Work instructions:
All pictures are to be omitted while the lines starting at the line with "350m2 vielseitig nutzbare" and ending at the line with "Låneren (Storskrift)" in the material below are retyped exactly, both ends included.

Data records:
◆ ◆ ◆

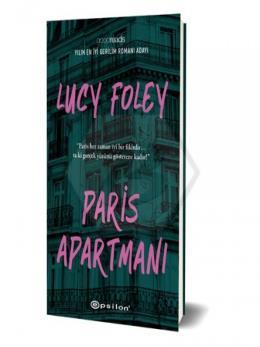  Paris Apartmanı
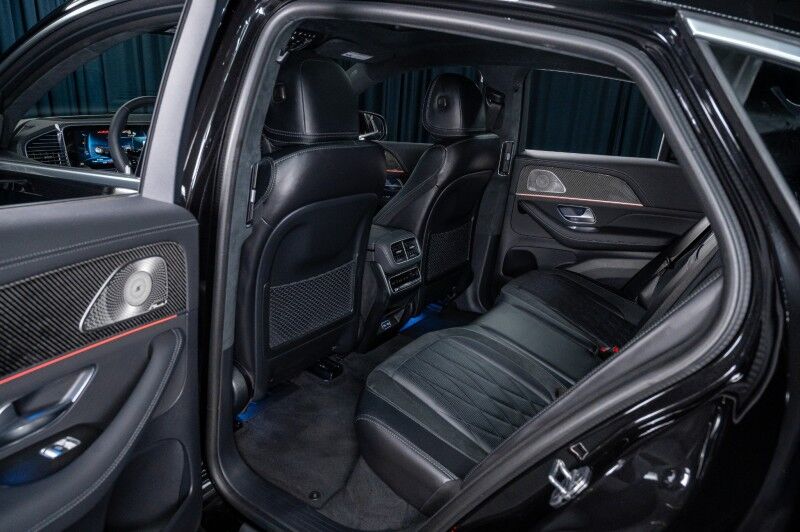 2025 Mercedes-Benz GLE AMG® 63 S 4MATIC+® SUV Scottsdale AZ 2025 Mercedes-Benz GLE AMG® 63 S 4MATIC+® SUV Scottsdale AZ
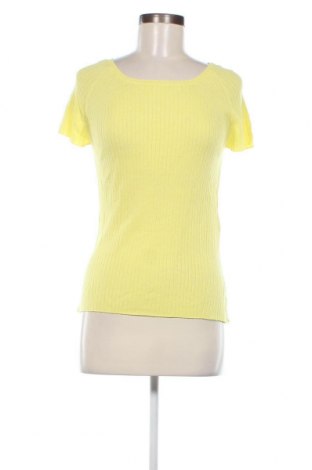 Γυναικείο πουλόβερ Sinequanone, Μέγεθος L, Χρώμα Κίτρινο, Τιμή 29,94 €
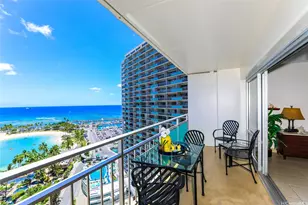 1777 Ala Moana Blvd, Honolulu, HI 96815 - Photo 1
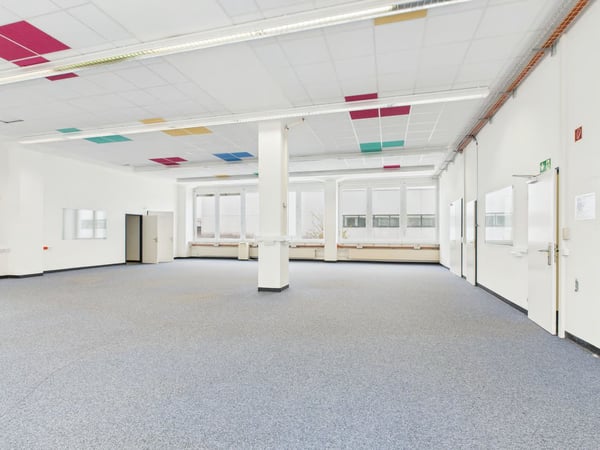 350m2 vielseitig nutzbare Bürofläche (Praxis, Kita, Physio) 3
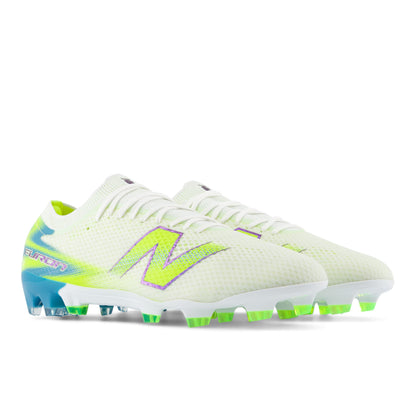 New Balance Furon Pro Fg V9 White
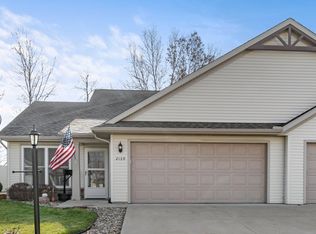 2130 Whitetail Run, Warsaw, IN 46582
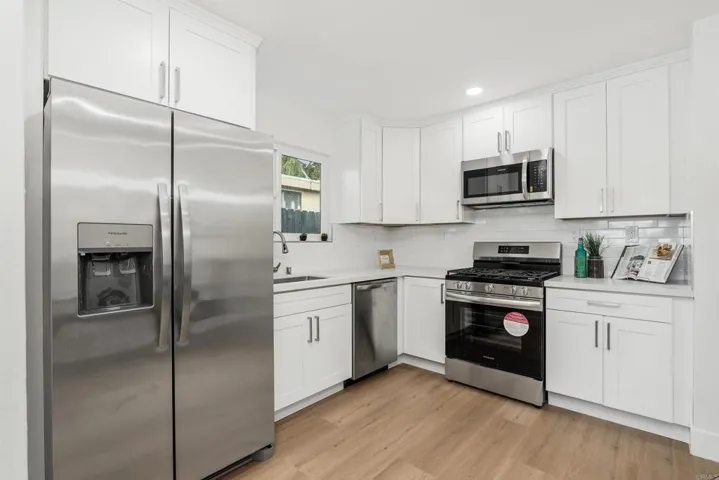 1013 Bartlett Avenue, Vista, California 92084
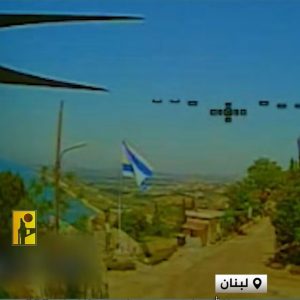 The battle of perception: From Israel’s Fauda to Hezbollah’s FPV footage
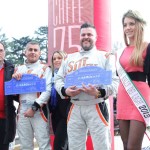 -2 al Rally dei Laghi. Dipalma per i fans, Gianesini (con l'alluce rotto) per il… Fulvione!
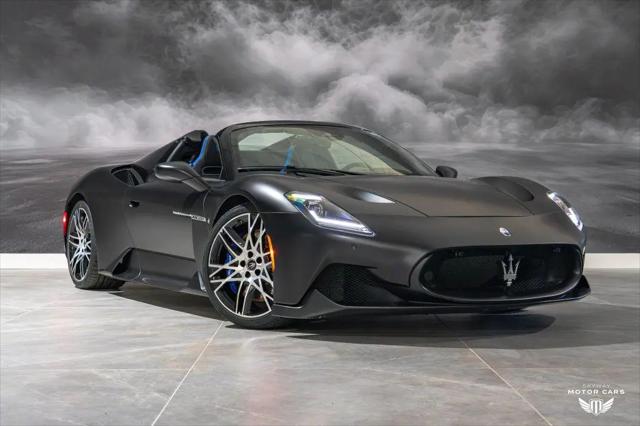 2023 Maserati C20 Cielo for sale in Palmetto, FL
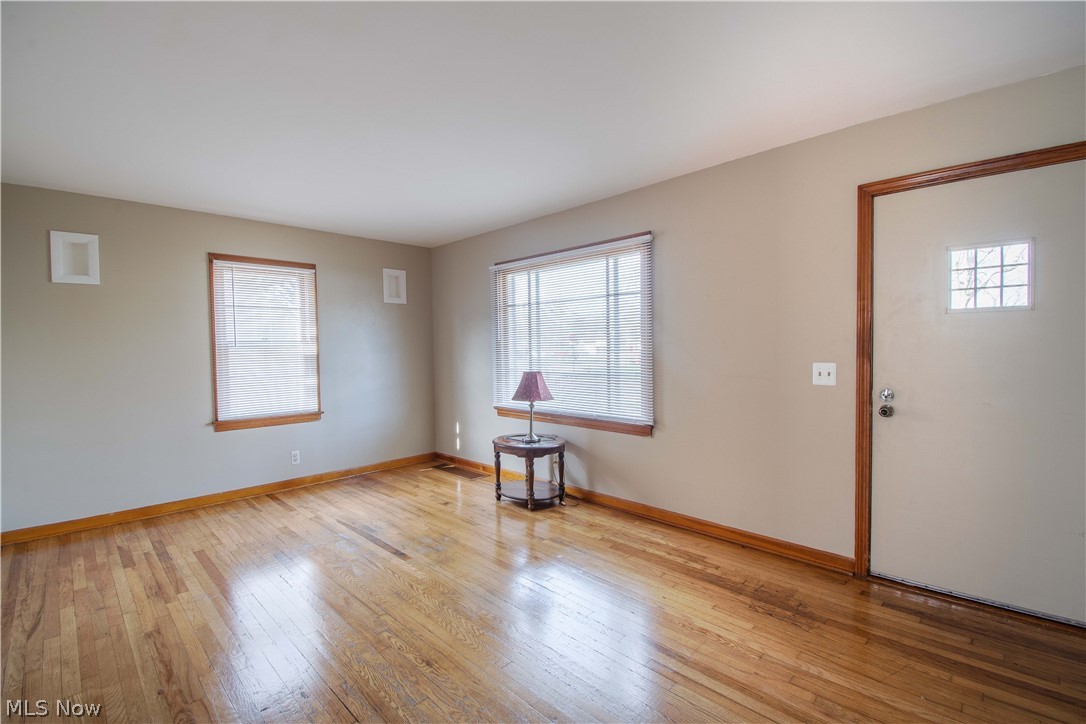 Canton - Residential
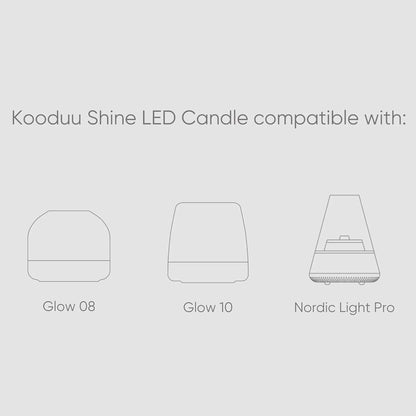 Kooduu Shine - 2023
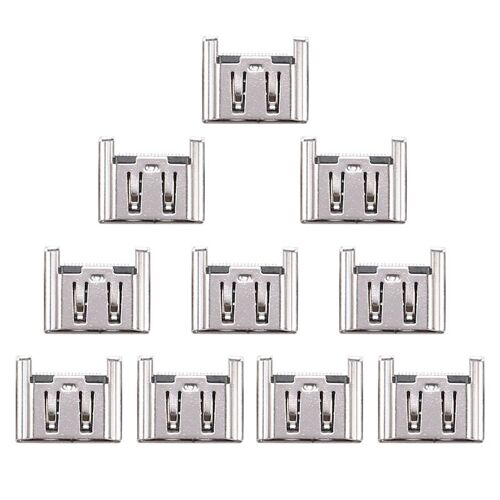 Connecteur De Prise De Port Hdmi Pour Playstation 4 Ps4, Nouvelle Pièce De Rechange, 10 Pièces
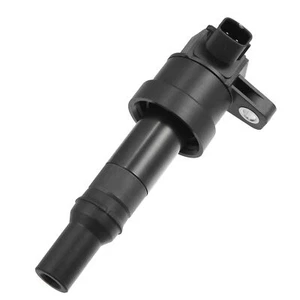 Coche Motor Encendido Bobinas Reemplazo para Kia Picanto - 1 pieza Negro - Imagen 1 de 6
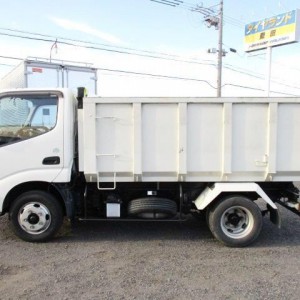 Вывоз мусора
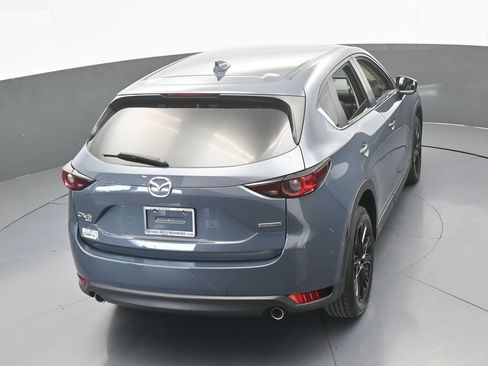 Used 2021 MAZDA CX-5 Carbon Edition AWD/4WD image 53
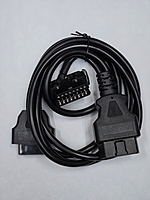 PowR-TRAC OBD2 Y-Cable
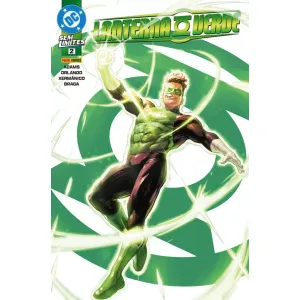 Lanterna Verde 02 (2025)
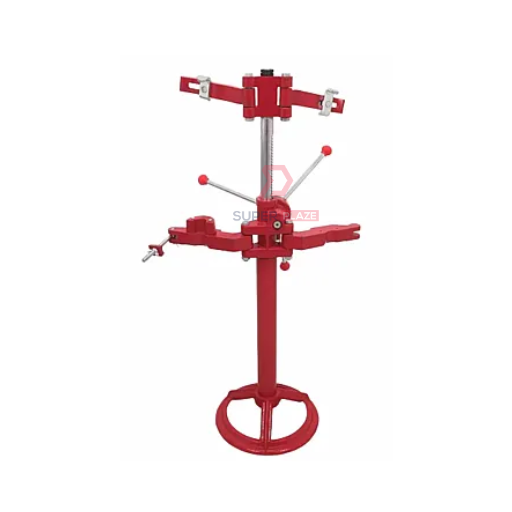 Handle Type Coil Spring Compressor 2000lbs

For more info, click buynow link: superplaze.my/3OgfTlA

#Tools #CoilSpringCompressor #Compressor #HydraulicCompressor #AutomotiveTools #GarageEquipment #AutoRepairTools #ProfessionalTools #MechanicTools #Workshop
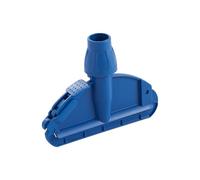 MAYA Pinza para Fregona Industrial. Compatible con Fregona Micromop PRO. Resistente y Duradera. Disponible en Color Azul, Amarillo, Rojo y Verde.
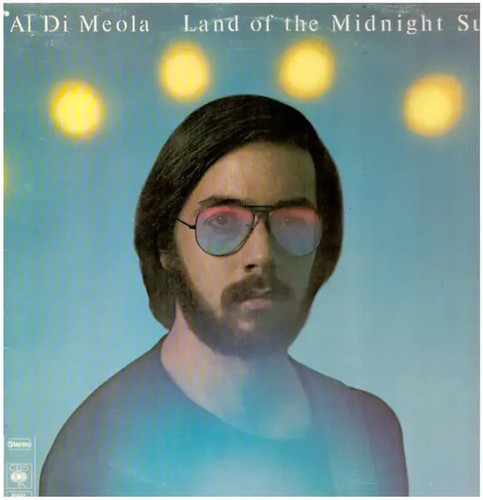 Meola land of - al,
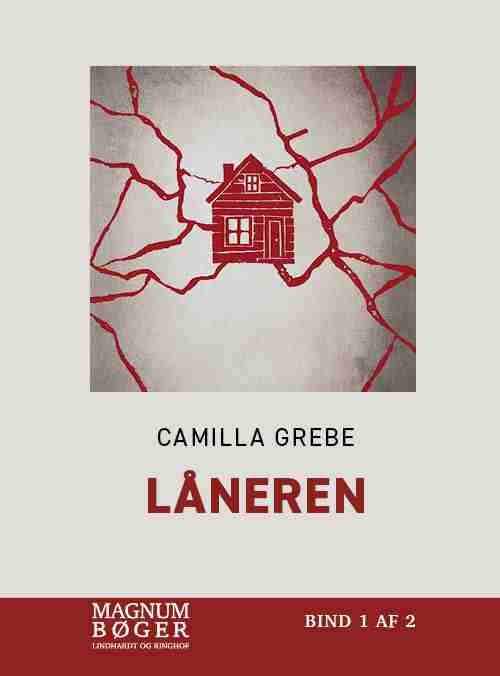 Låneren (Storskrift)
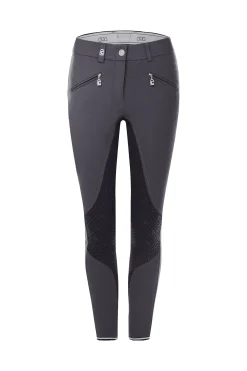Cavallo Cavalcaja Grip Vollbesatzreithose für Damen*Damen Reithose Für Damen Mit Vollbesatz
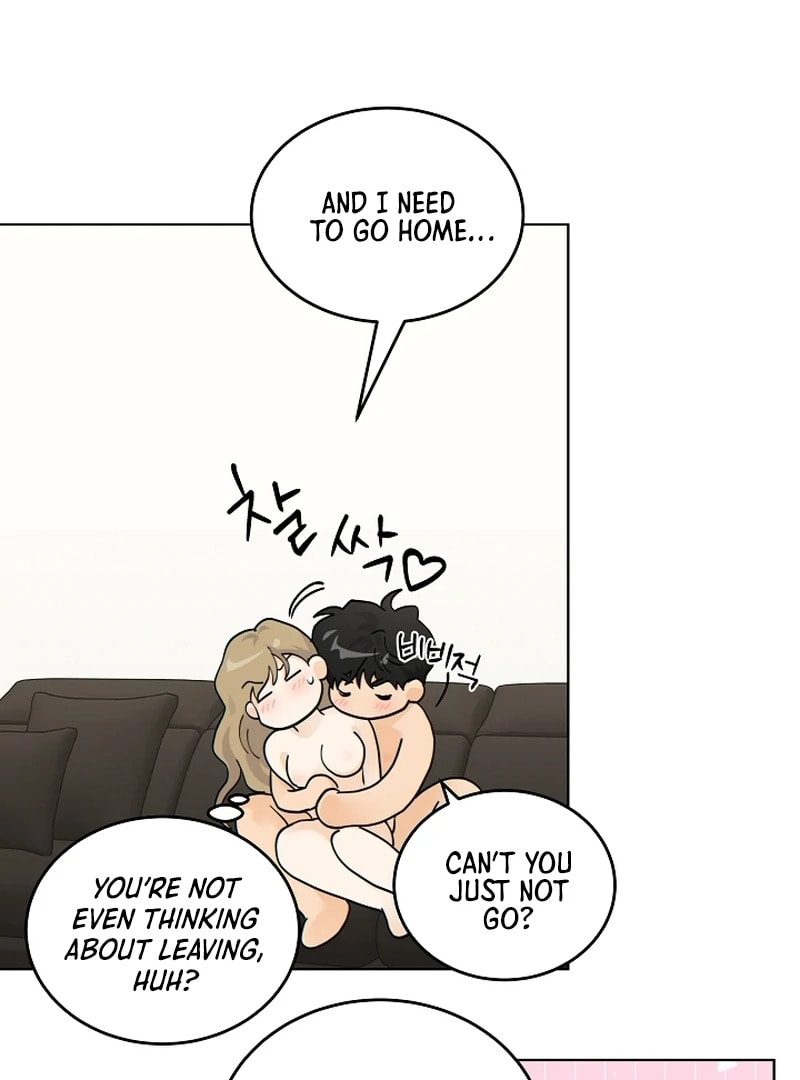 Read The tiger next door chapter 35.1 image 49 on Lezhin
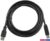 Адаптер ACD ACD-U3ABM-20L USB Type-A — USB Type-B (2 м, черный)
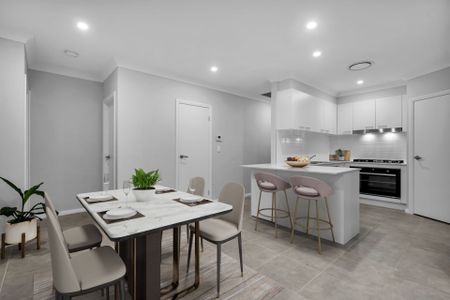 Comfortable 4 Bedroom Family Home - Photo 4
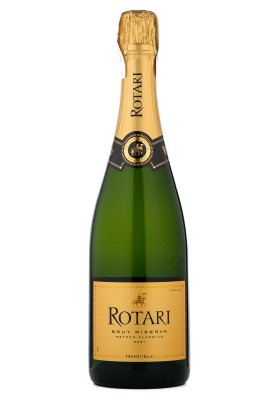 Rotari Riserva D'Oro Brut 2021 Біле Сухе 0.75 л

◆ ◆ ◆

Written solution:
 350m2 vielseitig nutzbare Bürofläche (Praxis, Kita, Physio) 3
 New Balance Furon Pro Fg V9 White
 2130 Whitetail Run, Warsaw, IN 46582
 1013 Bartlett Avenue, Vista, California 92084
 The battle of perception: From Israel’s Fauda to Hezbollah’s FPV footage
 -2 al Rally dei Laghi. Dipalma per i fans, Gianesini (con l'alluce rotto) per il… Fulvione!
 2023 Maserati C20 Cielo for sale in Palmetto, FL
 Canton - Residential
 Kooduu Shine - 2023
 Connecteur De Prise De Port Hdmi Pour Playstation 4 Ps4, Nouvelle Pièce De Rechange, 10 Pièces
 Coche Motor Encendido Bobinas Reemplazo para Kia Picanto - 1 pieza Negro - Imagen 1 de 6
 Вывоз мусора
 Used 2021 MAZDA CX-5 Carbon Edition AWD/4WD image 53
 PowR-TRAC OBD2 Y-Cable
 Lanterna Verde 02 (2025)
 Handle Type Coil Spring Compressor 2000lbs

For more info, click buynow link: superplaze.my/3OgfTlA

#Tools #CoilSpringCompressor #Compressor #HydraulicCompressor #AutomotiveTools #GarageEquipment #AutoRepairTools #ProfessionalTools #MechanicTools #Workshop
 MAYA Pinza para Fregona Industrial. Compatible con Fregona Micromop PRO. Resistente y Duradera. Disponible en Color Azul, Amarillo, Rojo y Verde.
 Meola land of - al,
 Låneren (Storskrift)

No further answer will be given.